A Little Night Rigmarole



It was night and I was reading Cervantes or rather his book Don Quixote. Suddenly I felt an urge to write and so I fell to ponder for a little while. In the end I reached the conclusion, which is bound to happen in the end rather than beginning as it is after all a conclusion, that I had no idea what to write! So I fell to ponder for a little while again and I was about to give up and get back to Quixote that I realized that maybe I can write about anything I want to, without bothering about whether it is important consistent or even mildly entertaining. So I left my book (marked it though) and started rambling, what you see below is a product of that rambling. This introduction that you have just read was written after the following piece was written and so you can be sure that I tell you the truth that this is indeed a complete rigmarole, any attempt to find logical consistencies will be patently irrational on your part.  

Life at times may seem queer and there is a good reason for it because it is so. What is queer if one were to ask, well in simple term it means perplexing or unexpected; then isn’t every part of our life perplexing and unexpected or potentially so. If you are a person who has an eye for detail or follows routine meticulously, isn’t a small deviation from normal pattern queer? You get out of your house move towards the main road and see a bus departing, now that’s queer, what are the chances of that happening. Or take a glass of water that slips and ruins your shirt just before the meeting, now that is surely queer and bit aggravating too. At times you wonder if the big guy up there is actually looking after you or rather may be too intensely looking after you, both feelings might be discomfiting. We human beings, or rather most of us (let’s not generalize), are allergic to both spotlight and complete obscurity. We like the middle road where we can oscillate between the two, too much attention and then we want solitude but give us complete solitude we will cry for friendship and society. What we want is essentially the ability to choose and be in control, nothing rocket science about it but just simple truth. It is the fudginess, for lack of a better word, that we enjoy or rather live for. Fixation is something we abhor, continuous monotonous thing revolt us or does it.
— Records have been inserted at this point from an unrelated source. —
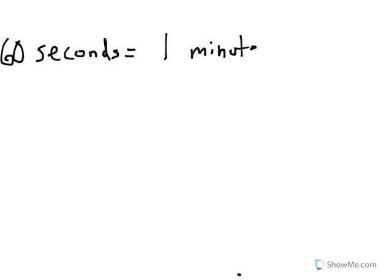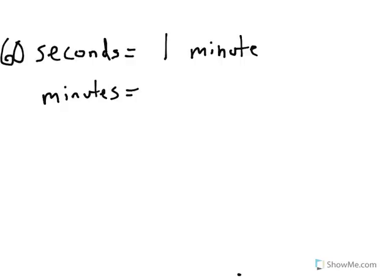And now we're at minutes. When we think about minutes, we could think about the amount of time it takes to brush your teeth. If you brush your teeth pretty quickly, the dentist always says to take two minutes. But most of the time, it takes about a minute to brush your teeth. That's about the amount of time that one minute is.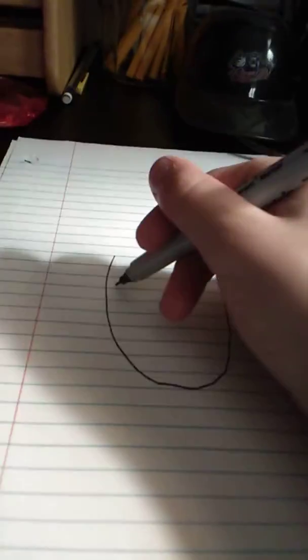Now we're going to be making my eyes. Let's make two lines like this.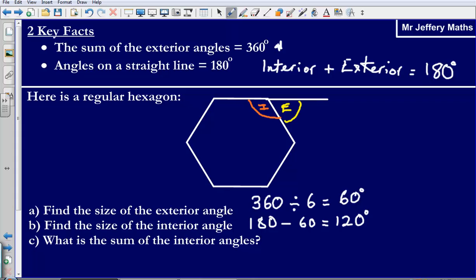Question C asks what is the sum of the interior angles. We know each interior angle is 120 degrees, and we have 6 of them on a hexagon. So it's going to be 120 multiplied by 6, which gives us 720 degrees.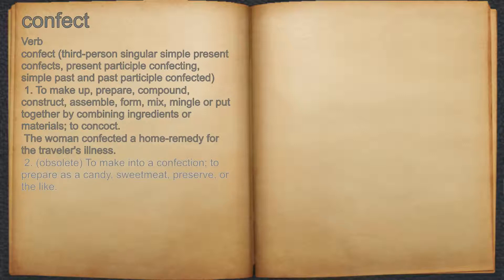2. Obsolete: to make into a confection; to prepare as a candy, sweet meat, preserve, or the like.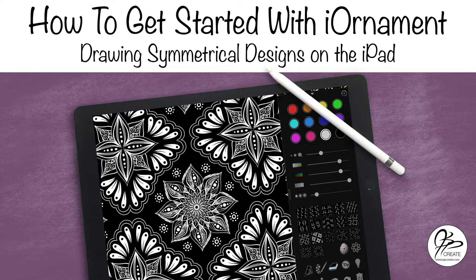Hey everyone, thanks for joining me today. Today I want to show you how to use the app Eye Ornament.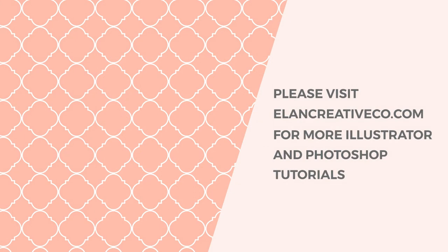I hope you've enjoyed this tutorial. If you want to see more Photoshop and Illustrator tutorials, please visit my blog or subscribe to my channel. Thanks for watching!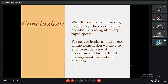In conclusion, as e-commerce is increasing day by day very drastically, the risks involved are also increasing at a very rapid speed. For secure business and transaction practices, we must ensure proper security measures, a proper anti-cyber-threats team, and establish e-risk management teams to ensure that systems do not get damaged by hackers.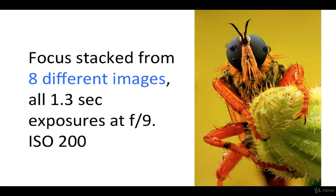For example, this photo was taken with a focus stacking process using 8 different images, all taken within 1.3 seconds with exposures at F9 and ISO 200.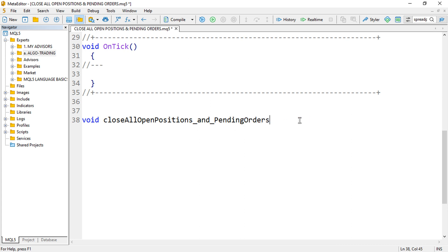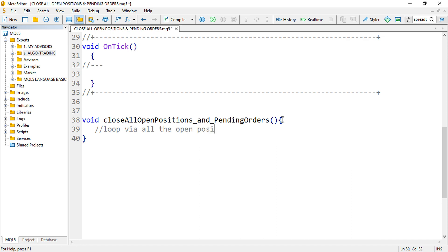You can name your function anything. Then provide the parentheses and the curly brackets, which gives you access to the body of that function. Now we want to loop through all the positions and close them. Let's start with open positions — we'll use a for loop.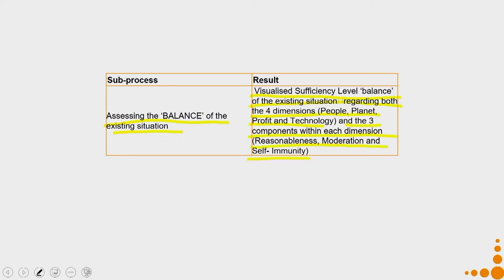When we are discussing the design principles you can clearly see how we are trying to integrate all the philosophical aspects discussed at the beginning of this lecture. We try to see what level of balance exists between the four dimensions of people, planet, profit, and technology — and the three components within each dimension — to identify where the balance has gone lopsided so we can design accordingly.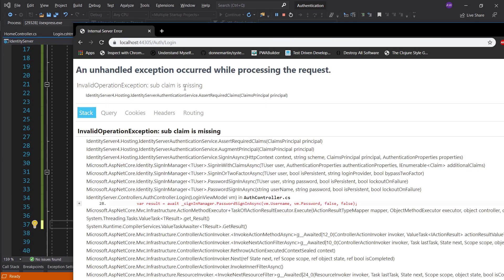The error that we're getting is 'sub claim is missing'. Sub is a well-known auth claim, and essentially what it's trying to tell us is that after logging in it has failed to find the sub claim. The place where it would find the sub claim is through the identity mechanism.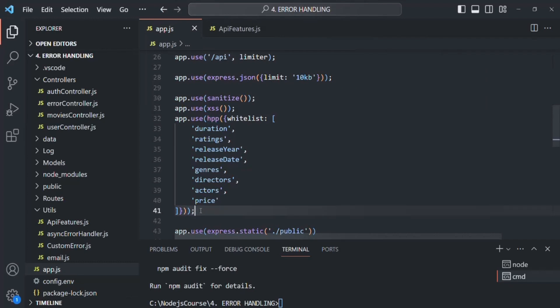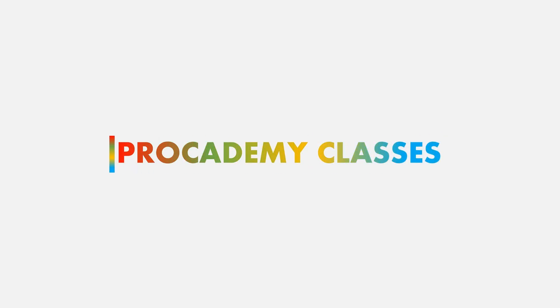This is all from the authentication and authorization section of this complete Node.js course. In this section, we learned in great detail how to authenticate a user, how to protect routes from unauthorized users, and how to take security measures in our Express application. If you have any questions from this section or this lecture, feel free to ask. Thank you.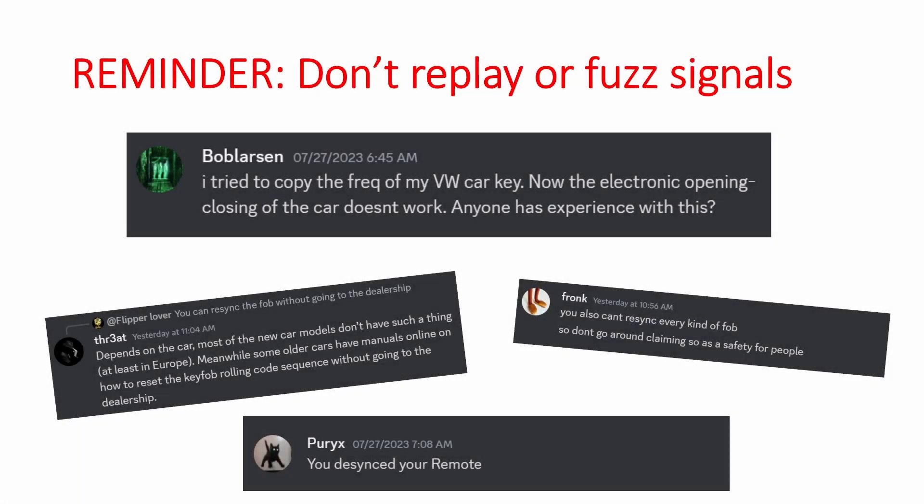So this is just a reminder again that you should not replay a rolling code. And I also recommend not fuzzing rolling codes on devices that you care about. This story actually had a happy ending. He was able to resynchronize his remote using multiple key fobs, but that's not always the ending you have.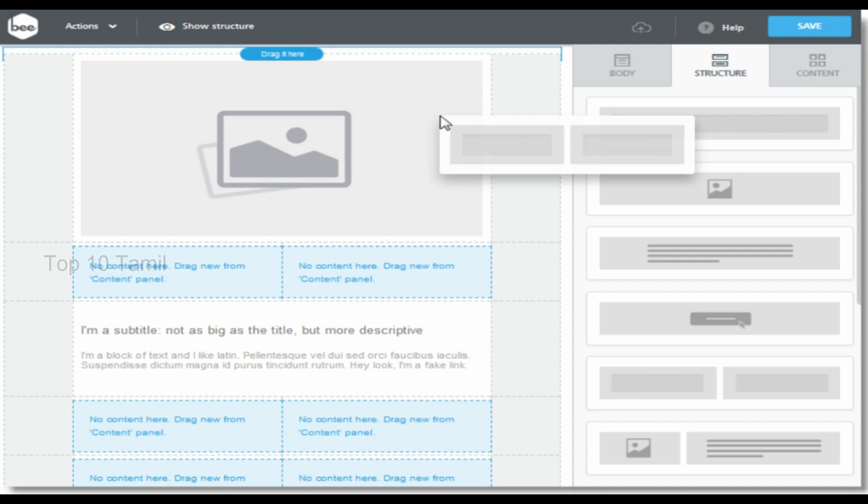If you create a website, you will need a template. You can find templates and use them to build your website. If you are able to use HTML, you can do it that way, or you can purchase a ready-made template. There are also free templates available, so you can start for free.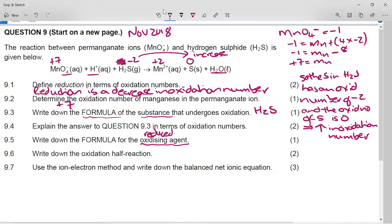The oxidizing agent is itself reduced. The substance whose oxidation number decreased was the permanganate ion MnO4⁻, so MnO4⁻ is the oxidizing agent.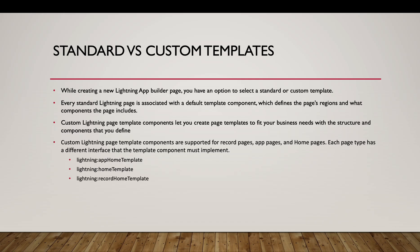Every standard Lightning page is associated with a default template component which defines the page regions and what components the page includes. We can create custom Lightning page templates which will help to fit our business needs with the structures and components that we want to define. For example, in the standard layout, you want the main screen to be taking 80% of the area by default. You can create your custom template and do that.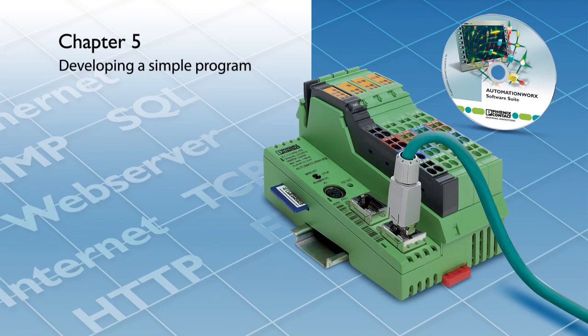Welcome to the PC Works tutorial videos. In this video, we will demonstrate how to develop a simple program.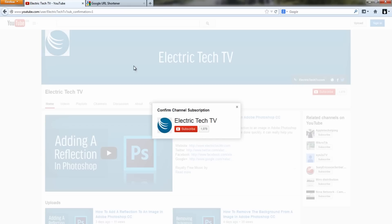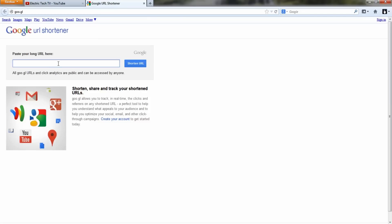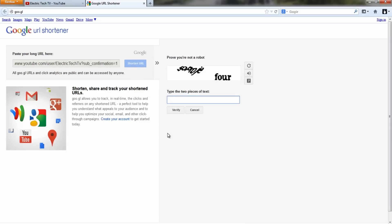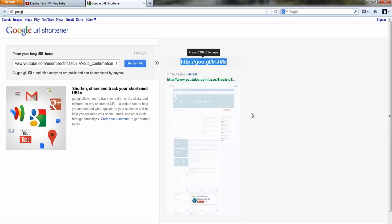I'm going to copy that whole link now, and to make it even shorter I'm going to go to Google's URL shortening service, just paste the link in there, click Shorten — you might have to fill in a CAPTCHA code — click Verify, and you've got your link.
Factory work looks pretty dull, how come they survive. Probably because most factory workers are not writers and if they are not then who will write about them? Surely there have been writers who wrote about their boring dull tireless repetitive work. Engels, Marx Gorky to some of the management guru’s like Fredric Taylor and others have written about them but can they actually know. I mean can you actually vicariously know how they feel. If you are writer and a successful one at that then you are exactly that, a writer! Once you become that you cease to be a worker or whatever you were before that. So even if by fluke chance you were a worker who became a writer afterwards then you weren’t a worker to begin with. Now I am not being judgemental by stating a worker can never be a writer but what I wish to posit is this, if we are talking about the worker who has a dull monotonous existence then by definition he cannot be the writer as the writer must have had something different in him which made him more than a worker. His very liberation from the worker-hood makes him incapable of relating to the class of worker we are lamenting about. Then could it not be that these workers, have a lower level of fudginess. For all we know they might draw great joy out of deciding which shirt to wear to work, come to think I usually spend in an inordinate amount of time doing exactly that. The point is our fudgi-ness scale differs. But how does it differ, why so and more importantly does it really matter?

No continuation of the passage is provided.